2) When you ask for help via email, you shouldn't assume that the people
reading have access to the web. Perhaps they have email access, but all
or part of the web is blocked to them. Perhaps they are reading email on
a mobile device and don't mind paying to download a couple of KB of
email, but draw the line at (potentially) hundreds of KB of a web page
etc. Or maybe they just don't want the context switch:
"I'm reading email right now, I'll click the link later..."

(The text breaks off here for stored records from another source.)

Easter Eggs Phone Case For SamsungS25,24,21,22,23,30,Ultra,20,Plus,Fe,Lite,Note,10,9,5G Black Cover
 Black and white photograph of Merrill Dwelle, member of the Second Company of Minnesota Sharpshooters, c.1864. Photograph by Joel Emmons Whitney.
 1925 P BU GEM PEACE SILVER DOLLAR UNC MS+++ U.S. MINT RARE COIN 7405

Email is a push technology. A pastebin is a pull technology. Whenever you
require your audience to actively go and get content, you're cutting your
audience by some fraction.
I am aware that it is irrational and silly, but for me it also has to do
with a sense of fairness. I'm prepared to spend tens of minutes, or
sometimes even an hour or more, solving somebody else's problem for no
benefit except a sense of accomplishment. But ask me to click on a
pastebin to find out what that question is, and I'm all "Why should I
have to go out of my way to find out what your question is? You're asking
me to do you a favour, and you're making me work to find out what the
favour is??? Fuck you!"
But maybe that's just me :-)
I'm not saying "never use a paste bin". I think it probably makes lots of
sense to use one in IRC, where it is inappropriate to paste more than a
line or two of code at once, and the conversation is already ephemeral.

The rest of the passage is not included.